• WHAT IS BEING ASKED: Transcribe the records below from the first line to the line that includes "Parker-2520 Sport Cabin", inclusive, and omit the pictures.

(SOURCE RECORDS Opens)

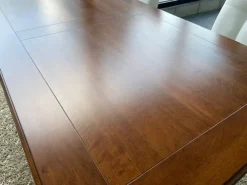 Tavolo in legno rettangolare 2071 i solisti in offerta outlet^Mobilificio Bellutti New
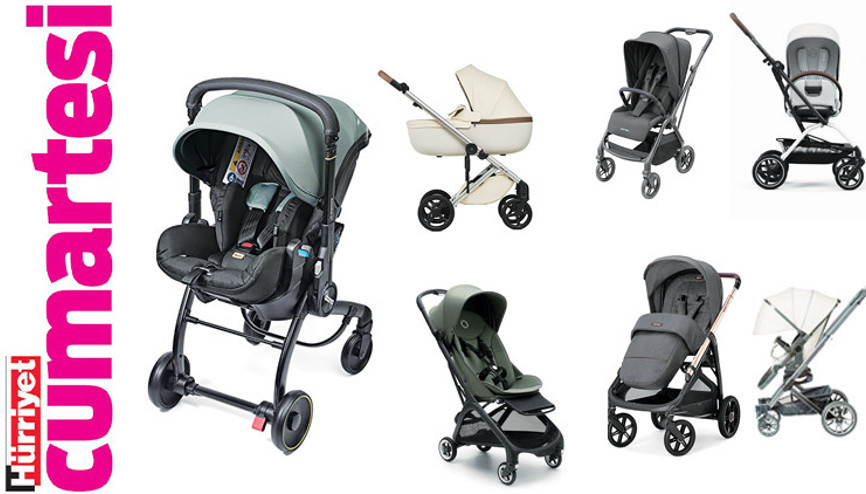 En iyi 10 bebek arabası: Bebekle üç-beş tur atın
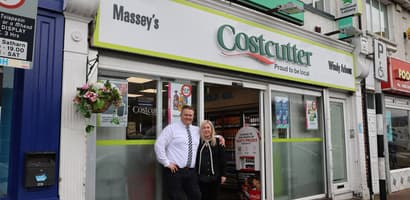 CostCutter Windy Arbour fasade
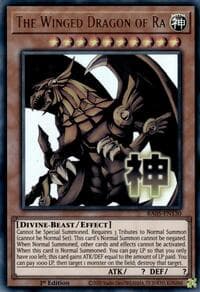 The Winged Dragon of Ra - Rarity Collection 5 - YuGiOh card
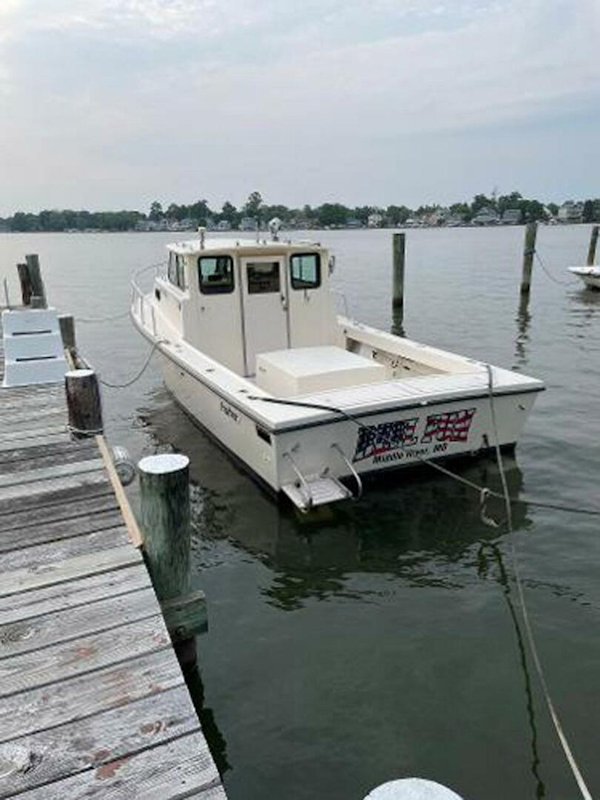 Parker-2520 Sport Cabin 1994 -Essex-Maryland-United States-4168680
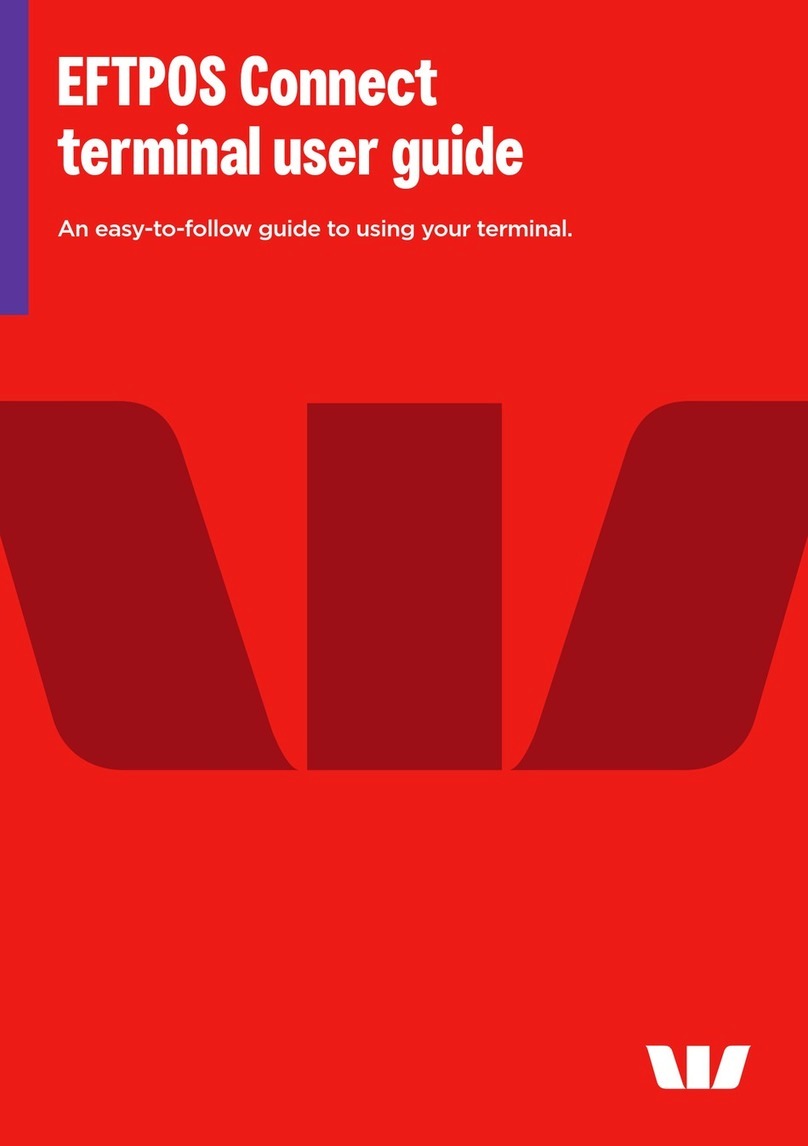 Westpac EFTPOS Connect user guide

(SOURCE RECORDS Closes)

• RESPONSE TO THIS TASK:
 Tavolo in legno rettangolare 2071 i solisti in offerta outlet^Mobilificio Bellutti New
 En iyi 10 bebek arabası: Bebekle üç-beş tur atın
 CostCutter Windy Arbour fasade
 The Winged Dragon of Ra - Rarity Collection 5 - YuGiOh card
 Parker-2520 Sport Cabin 1994 -Essex-Maryland-United States-4168680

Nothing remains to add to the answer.